Your assignment ▸ All that is needed is a count of the lines in this data that contain the word "Image".

Given information ▸
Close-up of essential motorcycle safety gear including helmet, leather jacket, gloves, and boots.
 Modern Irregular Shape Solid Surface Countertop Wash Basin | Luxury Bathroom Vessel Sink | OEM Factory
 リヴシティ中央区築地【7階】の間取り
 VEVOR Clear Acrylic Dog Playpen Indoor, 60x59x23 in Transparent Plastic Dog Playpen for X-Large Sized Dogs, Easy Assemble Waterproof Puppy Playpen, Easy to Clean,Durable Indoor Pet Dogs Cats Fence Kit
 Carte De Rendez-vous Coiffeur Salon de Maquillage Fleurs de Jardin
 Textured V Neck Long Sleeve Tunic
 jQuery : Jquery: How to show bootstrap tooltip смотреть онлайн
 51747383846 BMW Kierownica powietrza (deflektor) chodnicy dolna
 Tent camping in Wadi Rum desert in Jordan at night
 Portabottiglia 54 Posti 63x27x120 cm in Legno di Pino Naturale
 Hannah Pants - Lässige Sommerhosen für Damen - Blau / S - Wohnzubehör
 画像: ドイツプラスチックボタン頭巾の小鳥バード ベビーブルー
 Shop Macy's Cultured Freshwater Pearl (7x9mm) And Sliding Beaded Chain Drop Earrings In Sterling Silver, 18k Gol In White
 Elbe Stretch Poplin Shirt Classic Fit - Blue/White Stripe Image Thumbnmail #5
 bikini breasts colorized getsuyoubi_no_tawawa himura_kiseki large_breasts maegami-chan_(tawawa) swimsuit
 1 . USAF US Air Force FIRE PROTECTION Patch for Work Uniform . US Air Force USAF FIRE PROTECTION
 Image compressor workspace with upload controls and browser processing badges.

Written answer ▸ 2